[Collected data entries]
--------------------------------------------------
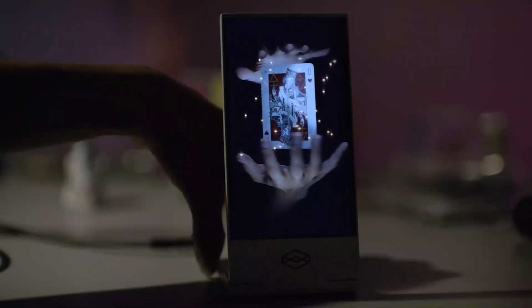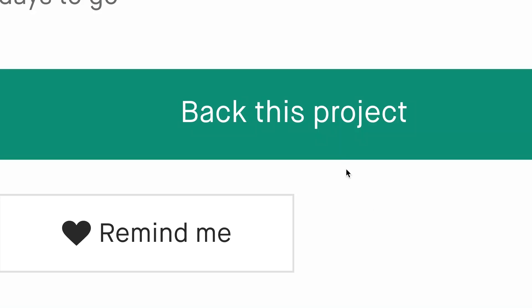Say hello to Looking Glass Go. A thousand holograms on your desk, in your pocket, or anywhere you want to go.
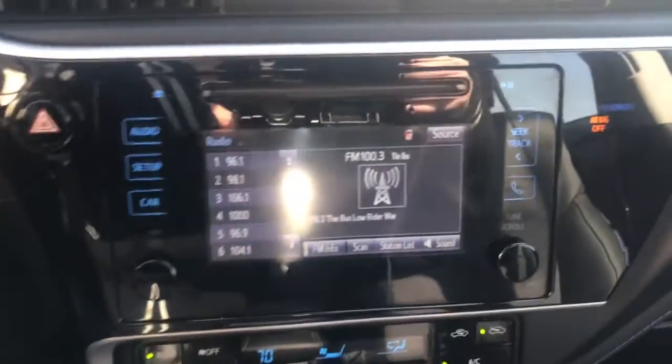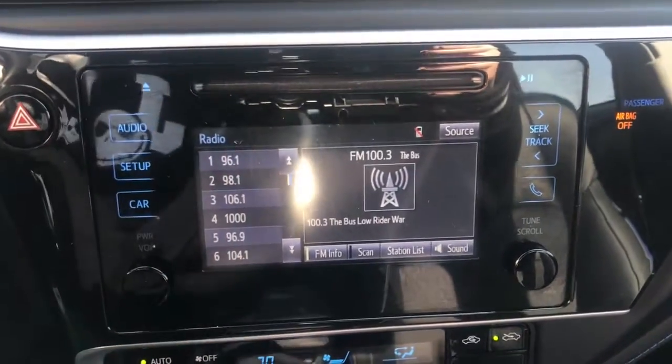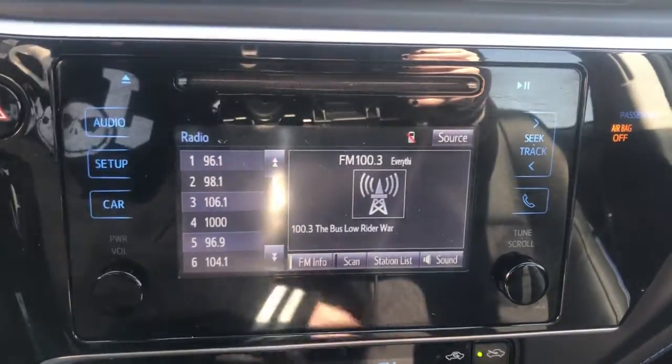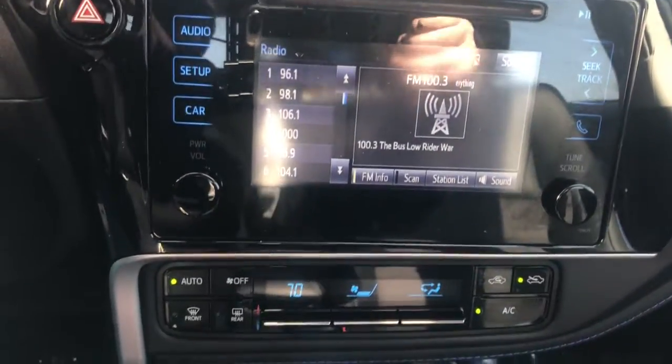The following are some of this vehicle's highlighted options: electronic stability control, trip computer, bucket seats, power windows, four-wheel disc brakes, and power steering.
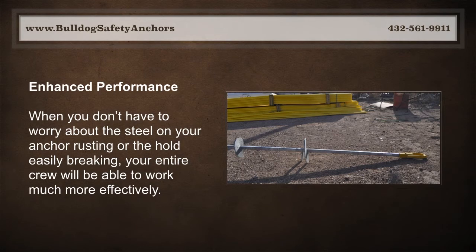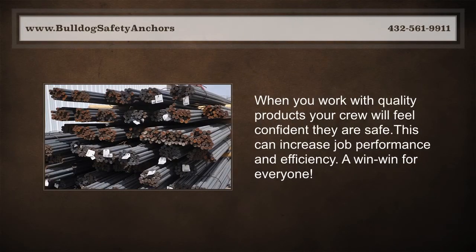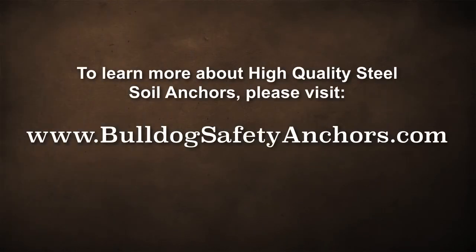Enhanced performance — when you don't have to worry about the steel on your anchor rusting or the hold easily breaking, your entire crew will be able to work much more effectively. When you work with quality products, your crew will feel confident they are safe, which can increase job performance and efficiency — a win-win for everyone.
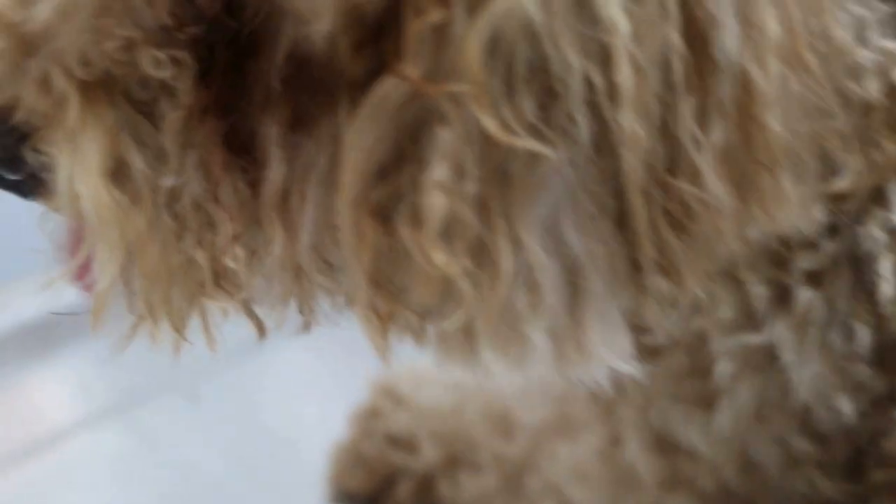So this is anal sacculitis in this Poodle, two and a half years old. It's quite a common problem in Singaporean dogs.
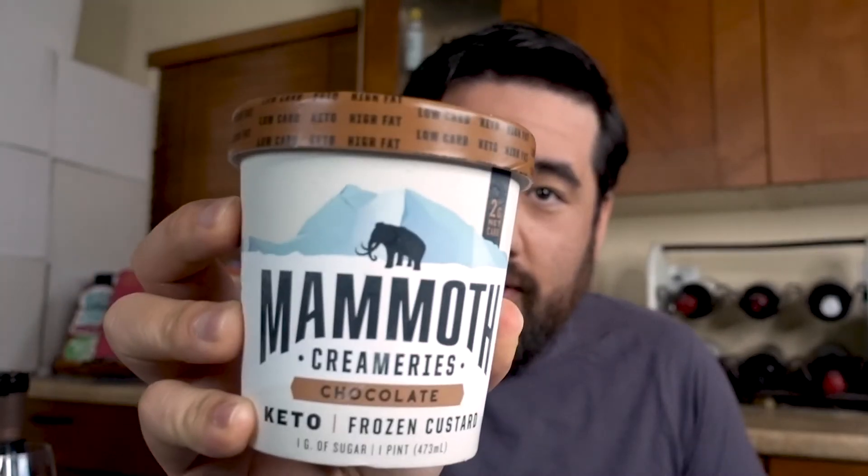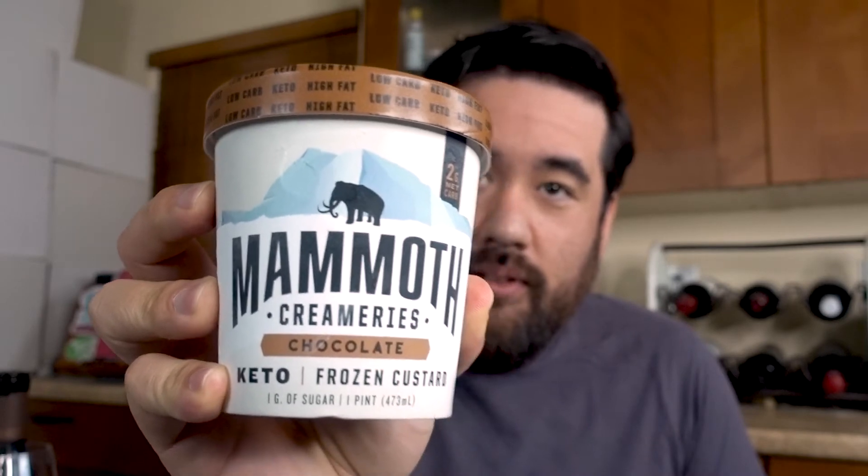Do you remember the fish fingers and custard pairing? Yeah, that was a mix. And also Jell-O. What I did find was this Mammoth Creamery's Chocolate Frozen Custard, which is apparently keto. Yeah, who knew? Well, probably keto people and low-carb people.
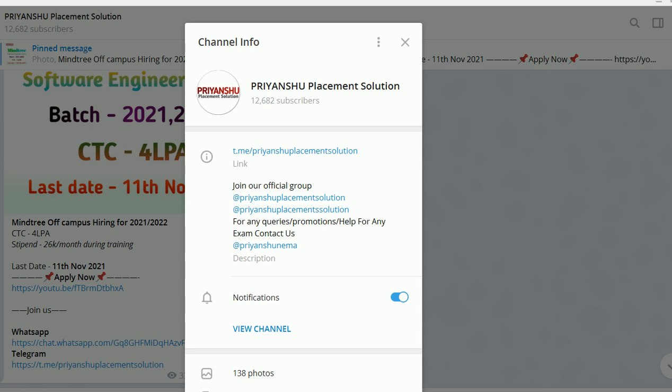We upload placement material in PDF format on our channel. Our Telegram username is @PHPlacementSolution. If you are unable to find the link, you can search for this username on Telegram: @PHPlacementSolution.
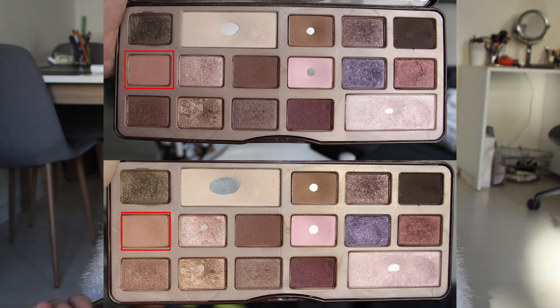Then we have Sauter Camel. I've used that in my crease every single day this month. I have a huge dip in it but no pan. I was really hoping I could hit pan for this update, but maybe next time. Next month I'll hopefully have pan on that shade, so that is the goal for the next update.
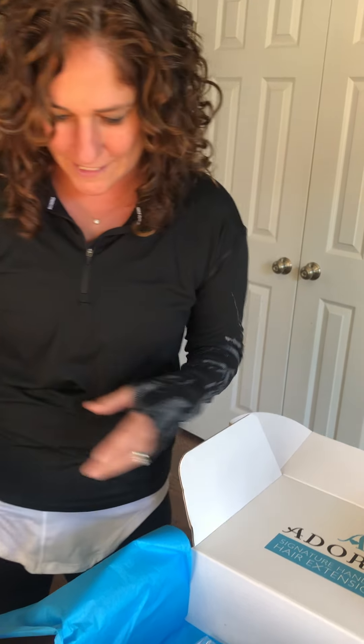We've got the hair mask — another great product to use to keep the extensions healthy.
--------------------------------------------------
**Task details**
In the data above, find the line containing "So this is anal" and the line containing "Do you remember". Copy exactly the stretch from the first through the second, both included, leaving out any picture.

**Answer for this exercise**
So this is anal sacculitis in this Poodle, two and a half years old. It's quite a common problem in Singaporean dogs.
Do you remember the fish fingers and custard pairing? Yeah, that was a mix. And also Jell-O. What I did find was this Mammoth Creamery's Chocolate Frozen Custard, which is apparently keto. Yeah, who knew? Well, probably keto people and low-carb people.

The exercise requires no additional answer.